Score:0

Maximum QPS with Google Load Balancer

gn flag
Olu

In GCP's documentation, Google claims to support up to 1million queries per second. My team, however, as part of a project, decided to put both the Regional HTTPS LB and Global HTTPS LB to test.

Here are some of the results we got using 7 clients against 4 n2d-highcpu-64 vms with 2TB - SSD Persistent Disk for getting random key. For 30s and 4300 long persisted connections;

  1. Without the load balancer each instance returned an average of 680k qps.
  2. Using a Regional HTTPS load balancer with the 4vms as backend service, the results were about 150k qps.
  3. Using a Global HTTPS load balancer with the same 4vms, and no Cloud Armor, it averaged 205k qps.

My questions therefore are as follows:

  1. Is there anything within the Load-balancer config responsible for this throttling experienced?

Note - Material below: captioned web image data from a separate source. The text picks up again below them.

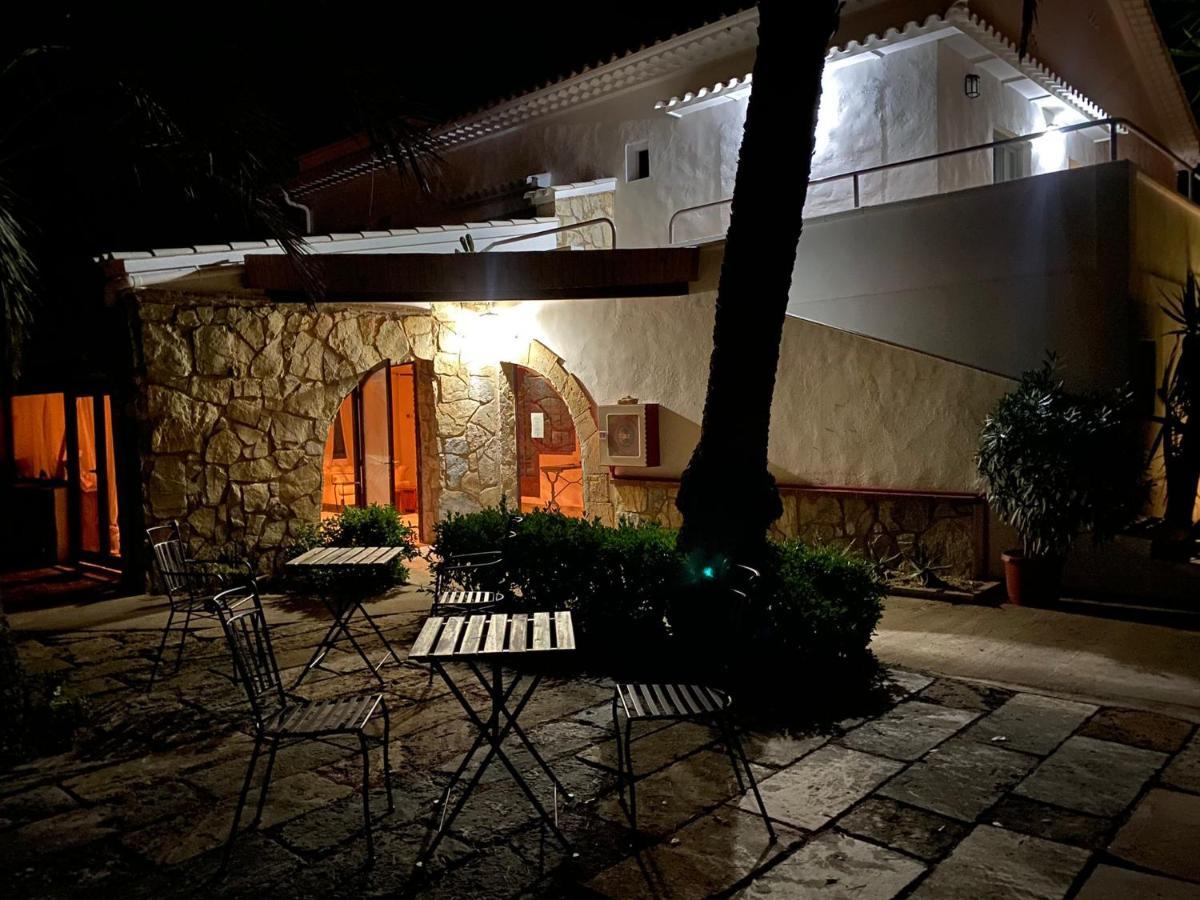 Hostal Residencia Alma Puerto de Alcúdia Exterior foto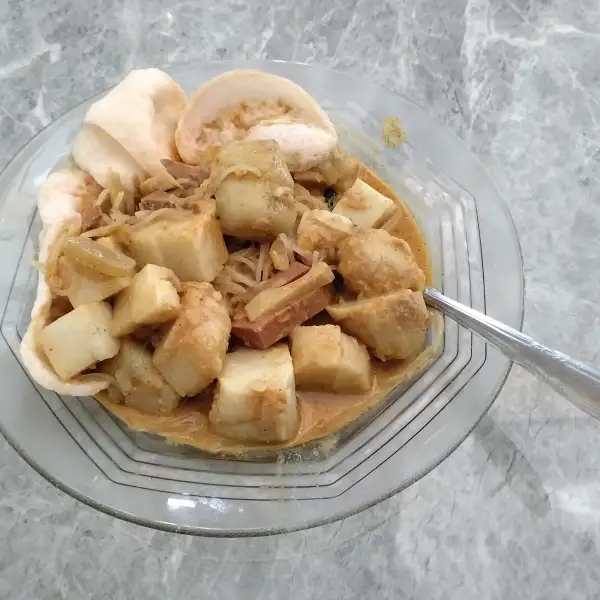 Ketupat Pitalah, indonesisches Reisgericht mit Rindfleisch und Kokosmilch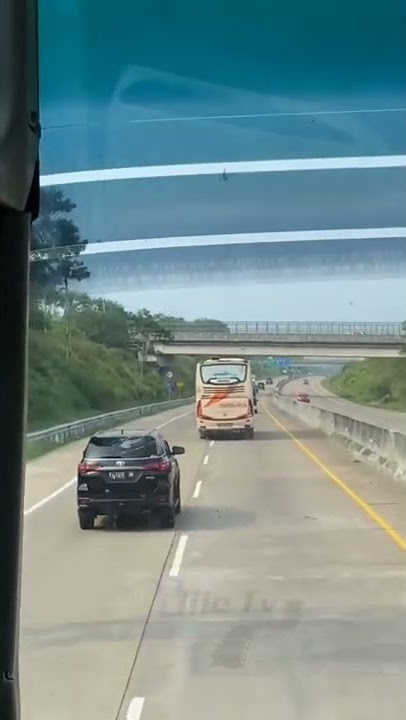 story wa bus murni jaya / DJ jika kau bertemu aku begini -Tiara raffa affra remix  #shorts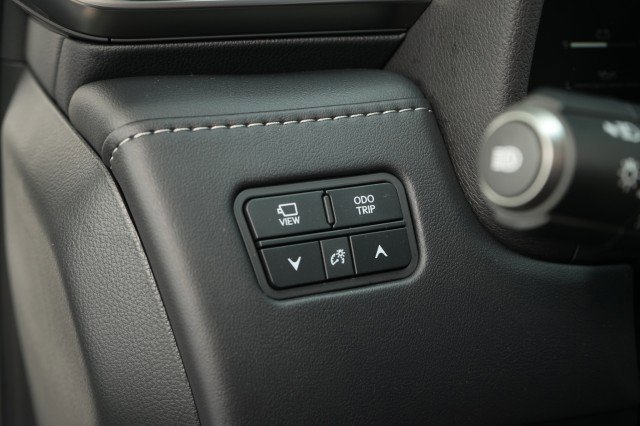 Used 2025 Lexus LX 700h F Sport image 37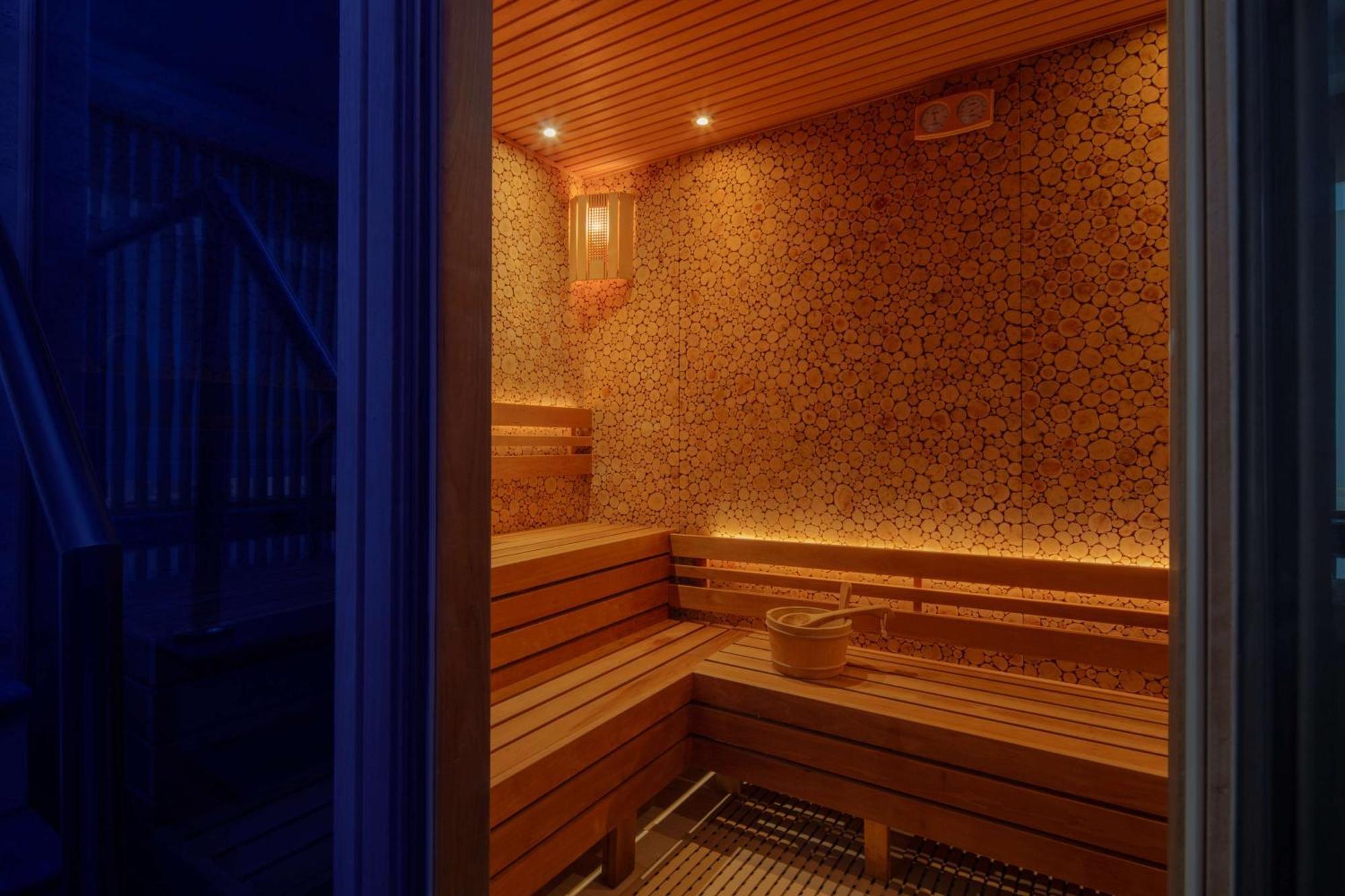 فندق حياة ريجنسي الرياض العليا المظهر الخارجي الصورة A modern Finnish sauna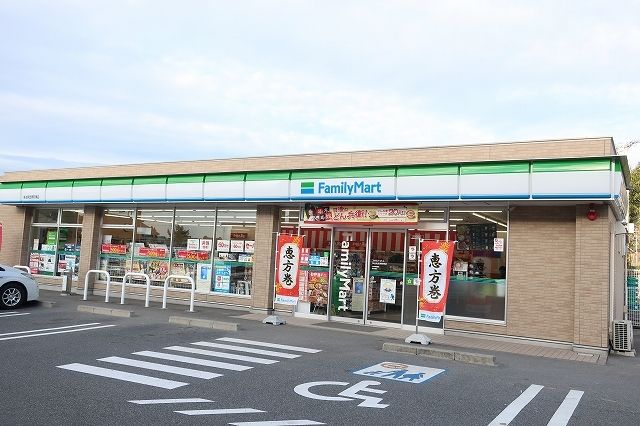 近くのファミリーマートまで450m（徒歩6分）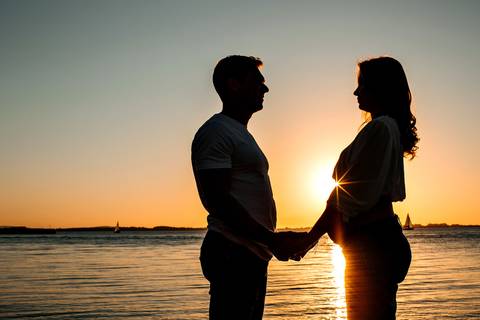 ensaio de gestante – book de gestante – fotografo de gestante – book de gestante na natureza – gestante no por sol – fotos de gestante no por do sol – lindas fotos de gestante com por do sol – Fábio Martins fotografo de gestante – gestante em estúdio '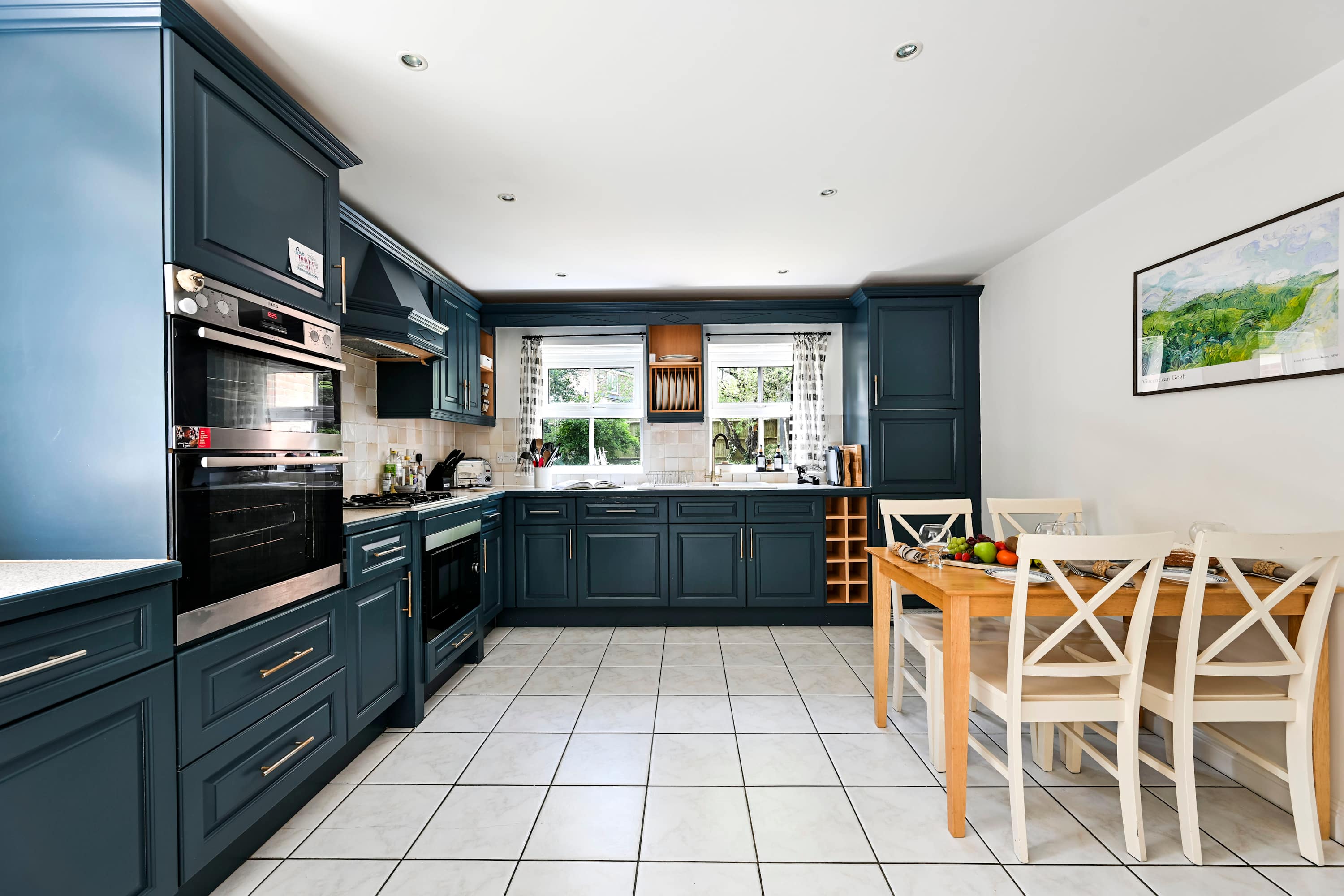 Big 5-Bed Home | Garden & 5 Min to Blenheim Palace in Broad Field Road 22 OX5 1UL - Property image 38 - VivreStays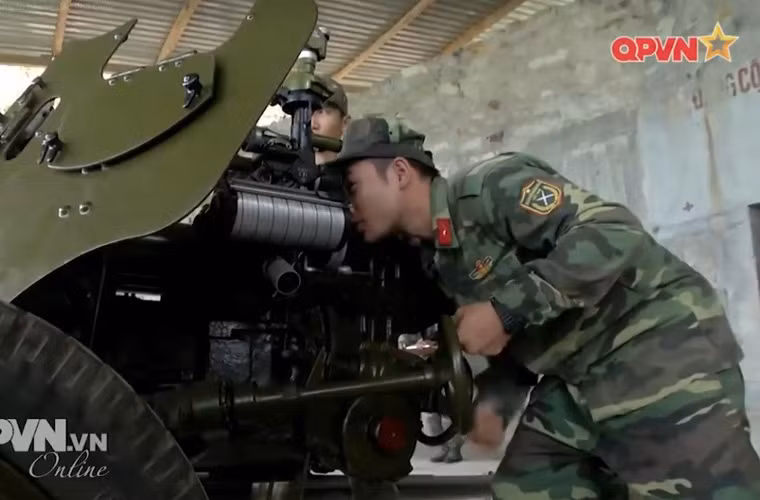 Trên pháo có thể lắp nhiều loại kính ngắm khác nhau, ở Liên Xô thì người ta trang bị kính ngắm OP-2-7 với độ phóng đại 5,5 lần. Nguồn ảnh: Kênh QPVN
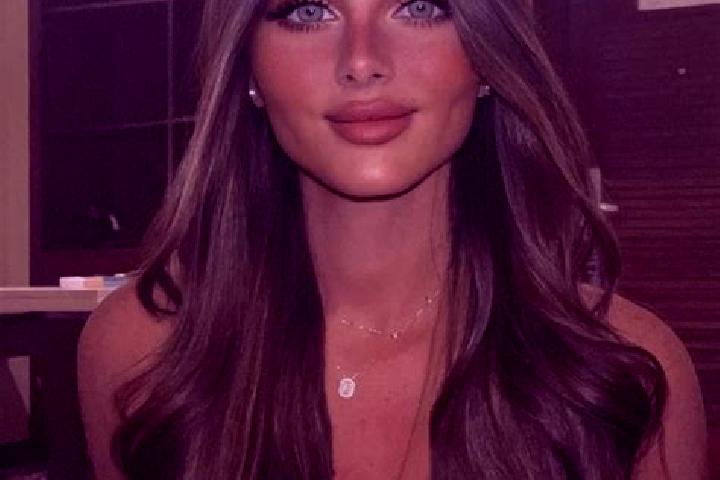 Avery, 37, a brunette dark-eyed mixed companion based in Bistra. Offering OWO, Duos, Massage. Available for incall and outcall, overnight bookings available.
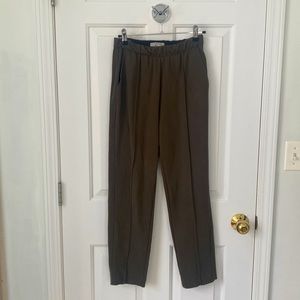Everlane “The Dream Pant” in Dark Forest. Size S.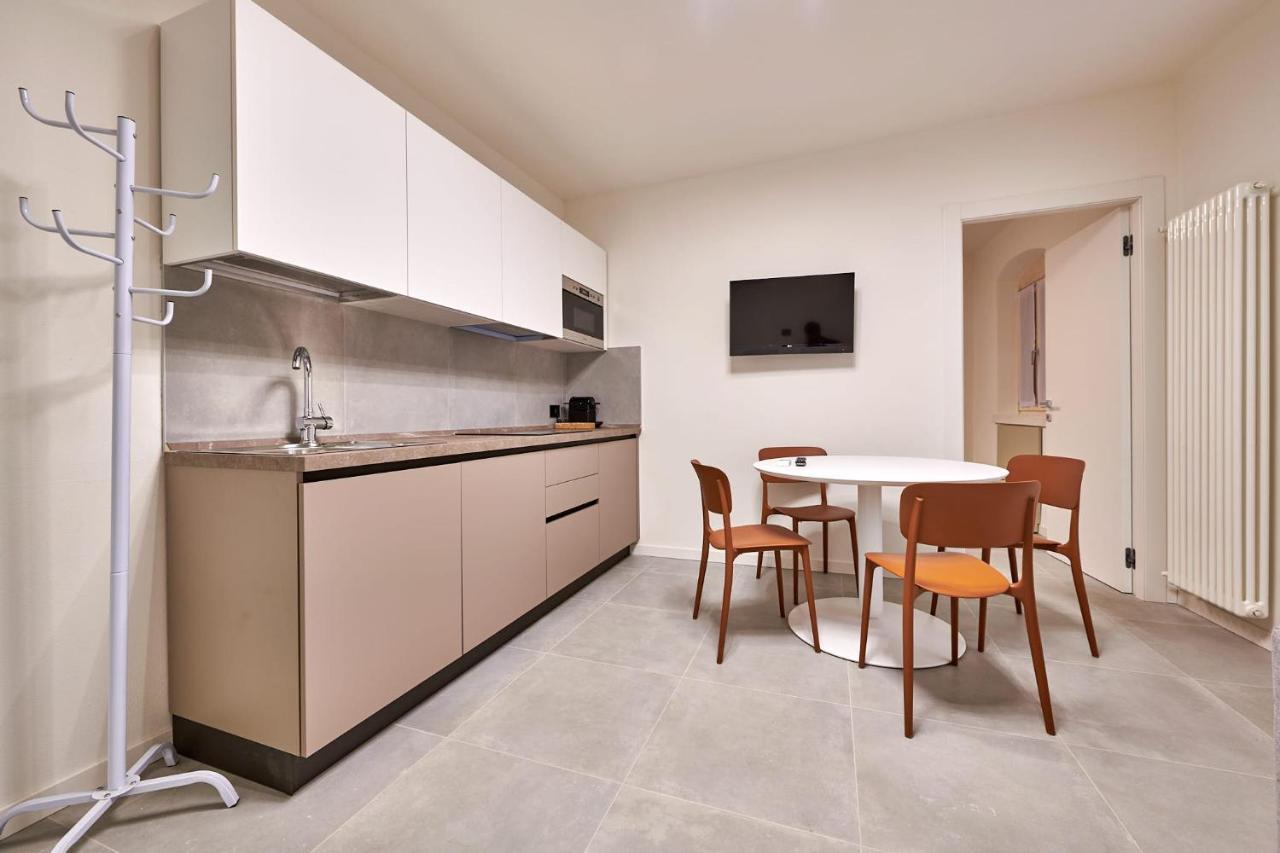 Apartmentsgarda - Residenza Mercanti Exterior photo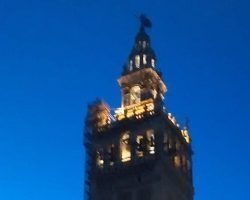 La Giralda amanece encendida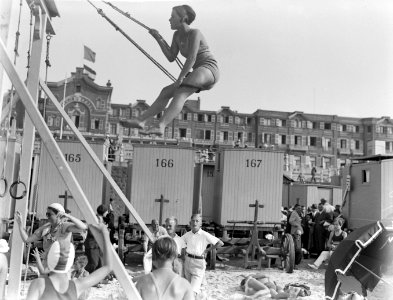 Schommelen op het strand in Scheveningen voor het Palace Hotel. Op de achtergron, Bestanddeelnr 189-0748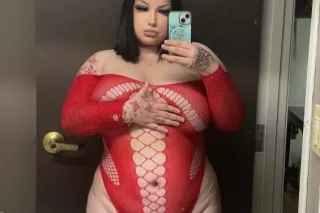 100qv thickass zoey here to please you - Image 2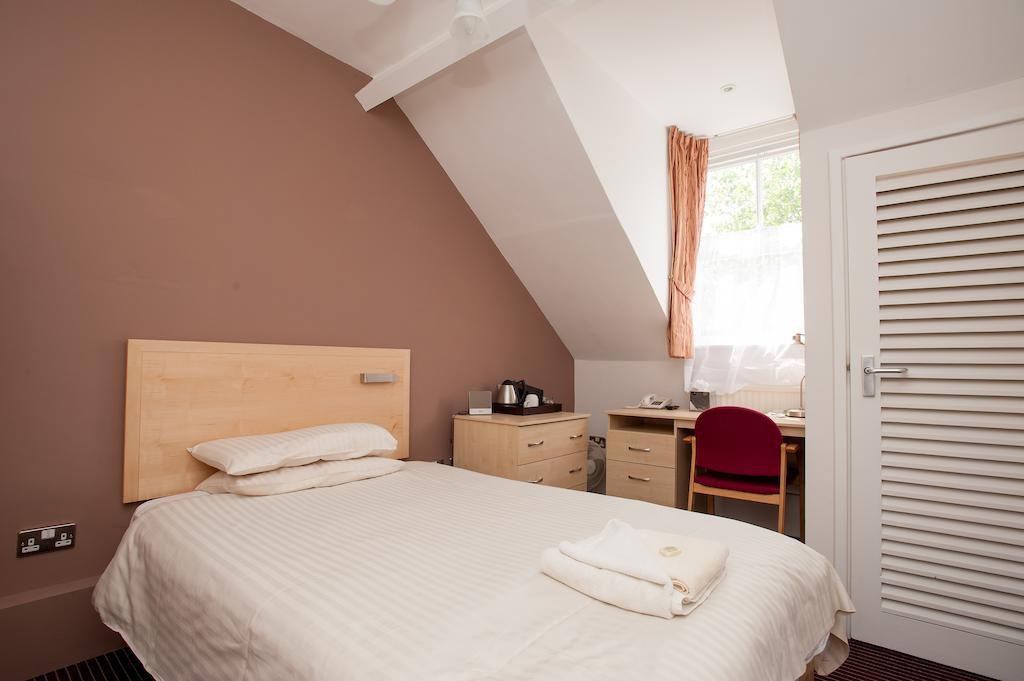 Standard Single Room,111855924:JPEG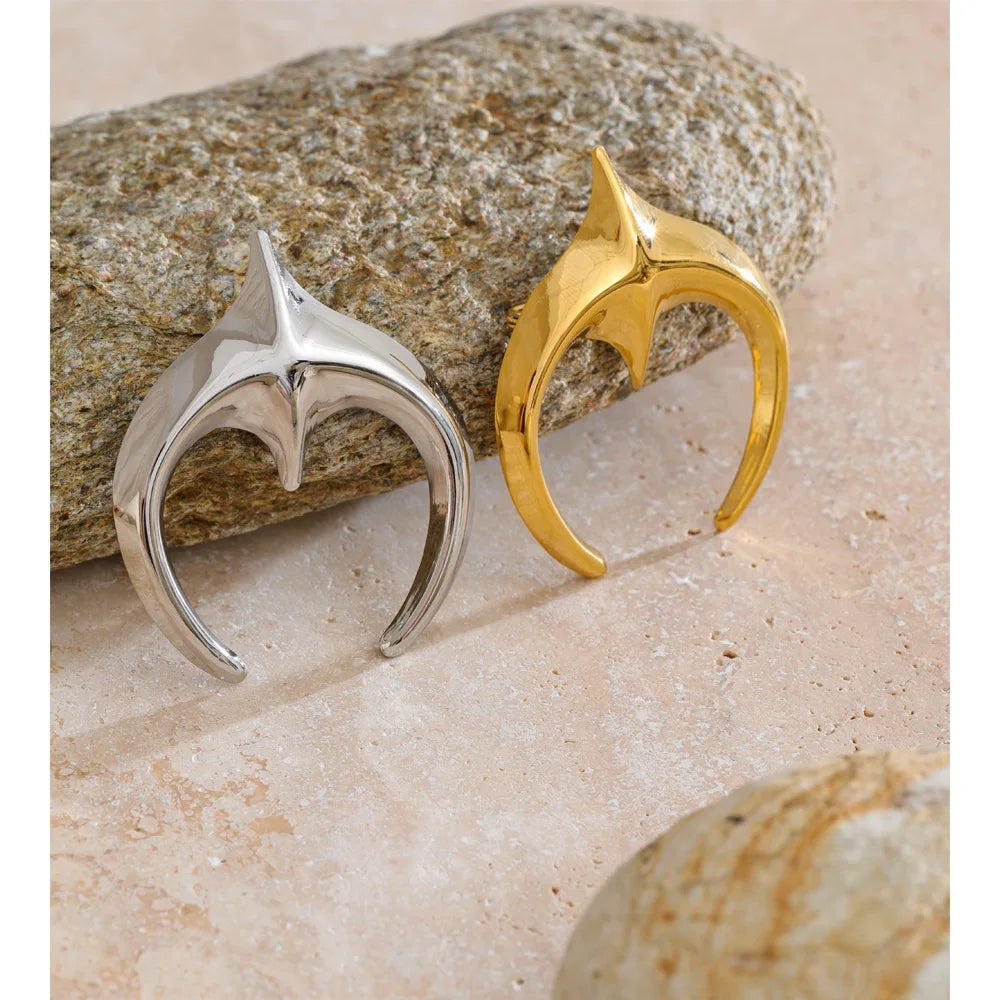 Bull Horn  Brooch Pin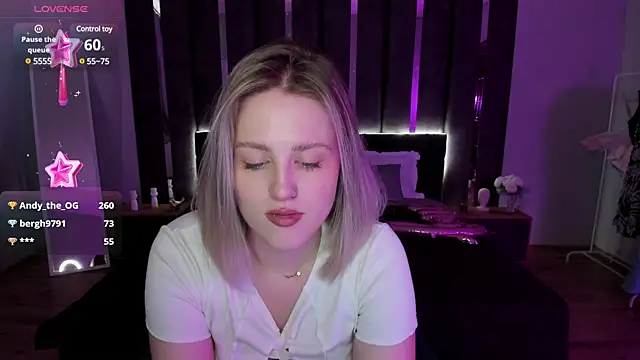 Snapshot of _Sarah_Soul_ chatting on March 19, 3:52 am Sarah Soul online show from March 19, 3:52 am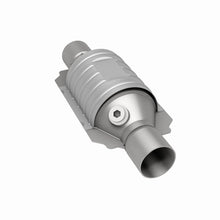 Load image into Gallery viewer, MagnaFlow Universal Catalytic Converter 2 Dual O2 Boss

  2. Is there some documentation on the recommended architecture or best practice to achieving at least 1 million qps with the Load Balancer?

screenshot of Result

screenshot of Result

Score:0
cn flag

Google Cloud's million connections test (see also notes with scripts) used considerably more instances. 64 VMs as clients, 200 web server VM backends. 5000 rps per instance kept the backends managably small, reducing the possibility of scale-up challenges.

Consider TCP/UDP port exhaustion. If source IP, destination IP, and destination port remain the same, there is only 50k to 60k source ports for sockets.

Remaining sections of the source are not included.